Since 1998, Honoring Nations has awarded 102 tribal project grants worth up to $20,000 each, based on nearly 600 applications from 229 Indian nations.
The program has given tribes a way to share best practices related to health, education, government reform, traditional language, and Native culture. It is “an affirmation of self-determination,” said Steve Cornell, co-director of the Harvard Project on American Indian Economic Development.
From the beginning, even “nerdy professors” who studied Indian tribes kept turning up the same result, agreed Kalt. “The only policy that’s ever worked is self-determination.”
Honoring Nations is shorthand for Honoring Contributions in the Governance of American Indian Nations. It is part of an innovation-sharing consortium of indigenous tribes worldwide, from Brazil and Chile to China, the Philippines, Africa, and Australia. The innovations that Honoring Nations promotes always draw international attention. “The world is watching,” said Cornell.
The best practices that emerge from Honoring Nations are what Gillette called “the solutions part” — and that it is more vital than ever to share. “We have a lot of work to do,” she said of renewed White House attention to tribal affairs, “and we need your help.”
In two days of panels, the success stories came out. Among them: a skilled nursing facility in Tucson, Ariz., that embraces family culture; the Chickasaw Press in Oklahoma that publishes books from within the tribe; and a Muscogee Creek Nation (Oklahoma) program that reintegrates former prison inmates with jobs, housing, counseling, and spiritual guidance.
Indian nations need science and technology, and need to share what is new and what works — “but getting good governance without spirituality will not last,” cautioned Manley A. Begay, Ed.D. ’97, co-director of the Harvard project.
He delivered the symposium’s first invocation Sept. 16 to registrants gathered at the Sheraton Commander Hotel near Harvard Square.
Beneath our very feet near the banks of the Charles River was once a sacred place to the Indians who lived near early Colonists, said Begay. “We are a people deeply rooted in place.”
The next day, Bruce Curliss picked up on the same theme, acknowledging “the blessings of learning” — but also the need to combine that with “the blessings of heart [and] the blessings of love.”
Visit the Harvard Yard dig, said Curliss, whose Nipmuc Nation once spanned the interior of what is now Massachusetts.
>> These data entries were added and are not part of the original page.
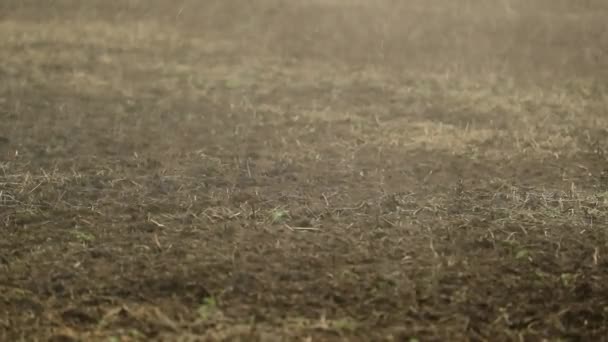 Wassertropfen Die Zeitlupe Den Boden Fallen Und Landwirtschaftliche Felder Bewässern — Stockvideo
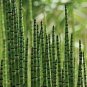 50 Pcs rare mini black moso bamboo seeds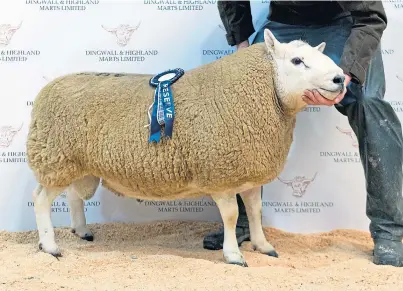  ??  ?? HISTORY MADE: Martyn Cook’s home-bred, two-shear ram from his 700-ewe flock at Scotscalde­r, Halkirk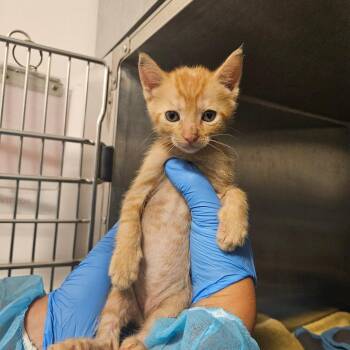 Domestic Short Hair Cats Available for Adoption in Los Angeles, California - Diet Rite | PetCurious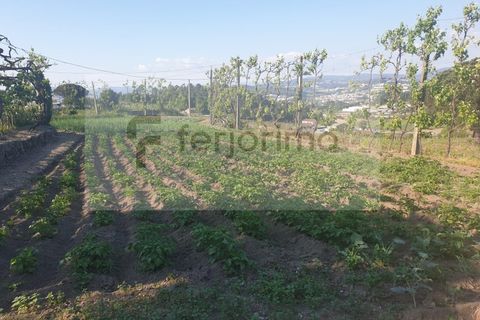 Farm i Guimaraes, Braga, Guimaraes - € 180.000 | Ref: 4586 - foto 10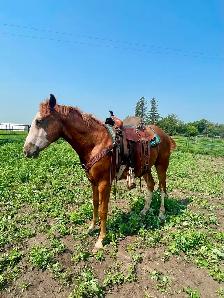 Flashy 2 year old gelding - Photo 3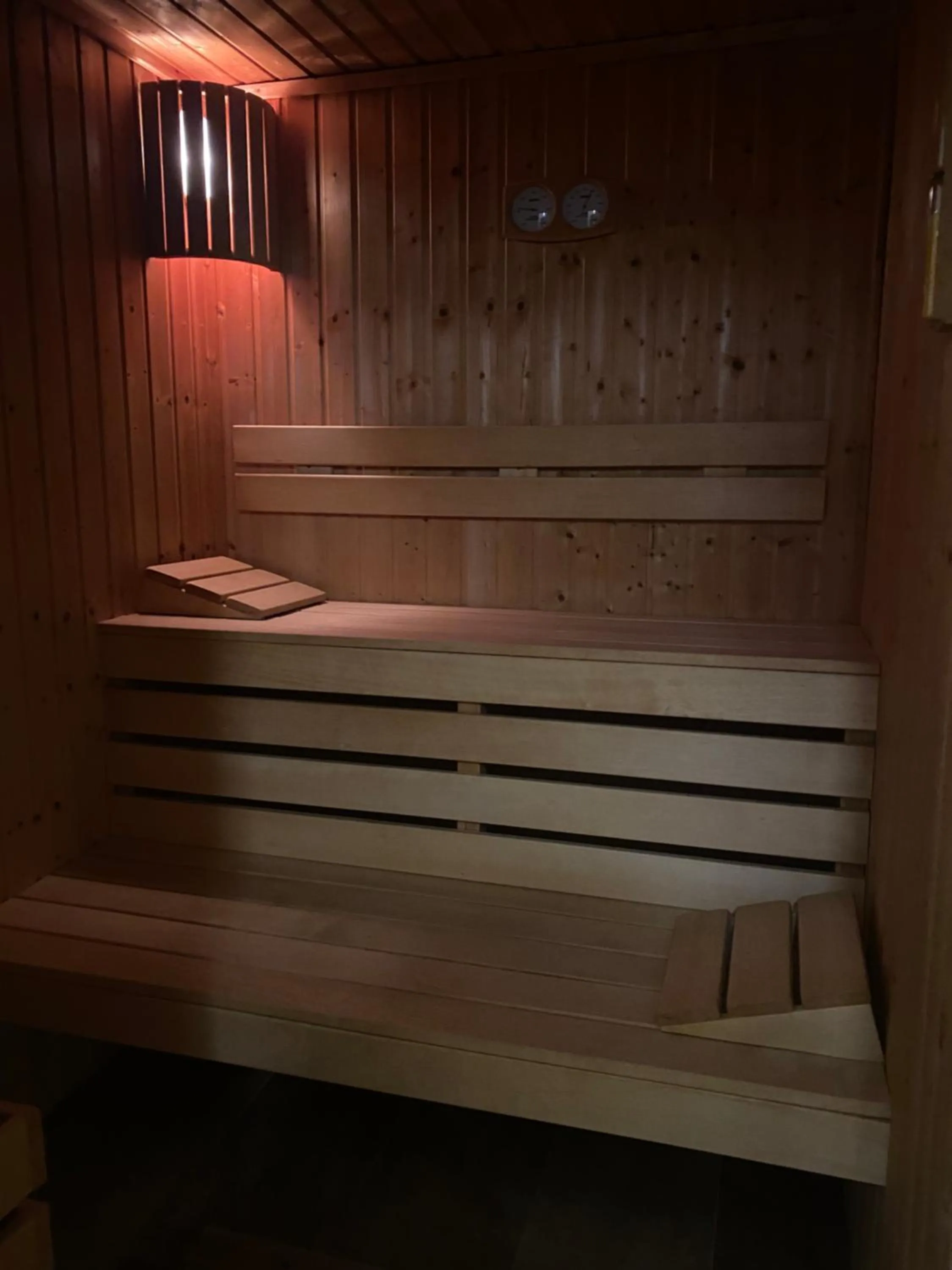 Sauna in Villa Promenade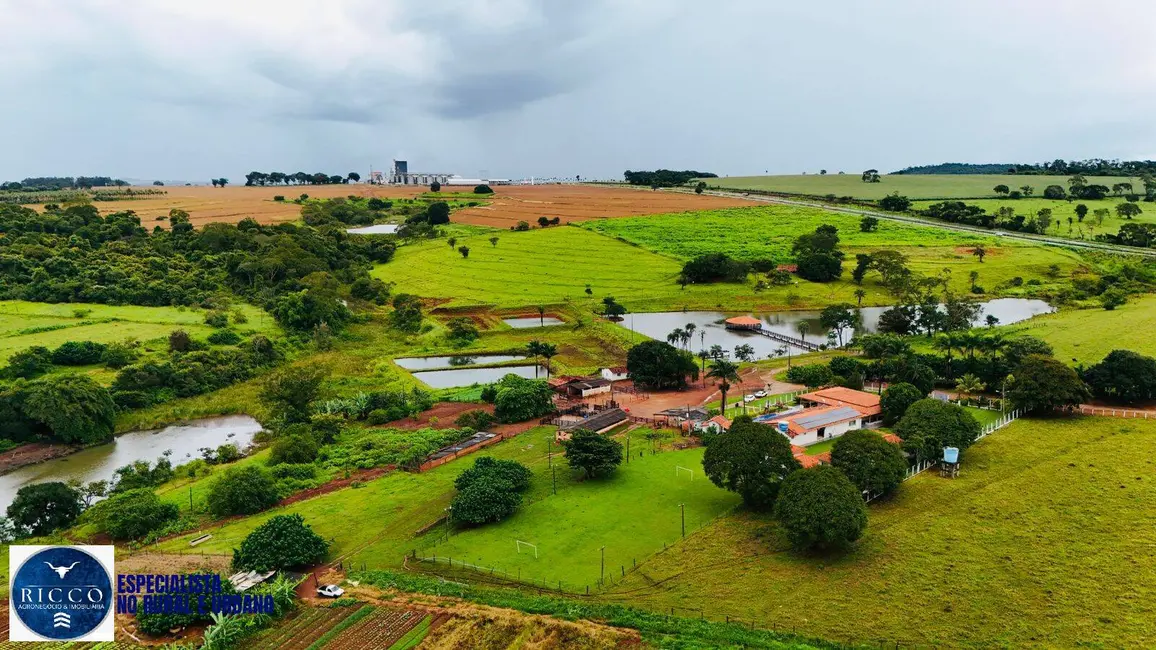 Foto 1 de Chácara com 12 quartos à venda em Goianira - GO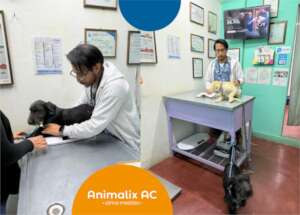 Free veterinary medical care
Embrace the long association of Native peoples with Harvard, he said, but be grateful for a spiritual heritage — the teaching of elders that “prayer is every moment of every day.”
Gillette agreed. “What makes us different,” she said, “are our core values.”
“Pay attention to the spiritual side of things,” said Oren Lyons during the symposium’s second day. “That’s where your power is going to be.” He is chairman of the Honoring Nations board of governors, and chief and faith keeper of the Onondaga Indian Nation in central New York.
It’s encouraging to see so many innovations “across Turtle Island,” he said, employing a Native American term for North America. But global issues are rushing in so fast that people everywhere, of all nations, will be hard-pressed to cope.
Climate change will alter natural systems, and population growth will burden them — bringing the potential for “suffering beyond all comprehension” at unnatural speeds, said Lyons. “Everything is accelerating. This is what we’re not designed for: acceleration.”
Embracing the spirit as well as science will help, he said — and picking good leaders.
Ellwood acknowledged Harvard’s early contributions to Indian education, and pointed to today’s 15 HKS students from American tribes. (University-wide, there are about 160 Native American students at Harvard.)
“This is about our chance to learn,” he said of the symposium’s lessons in good governance. “Thank you for honoring us.”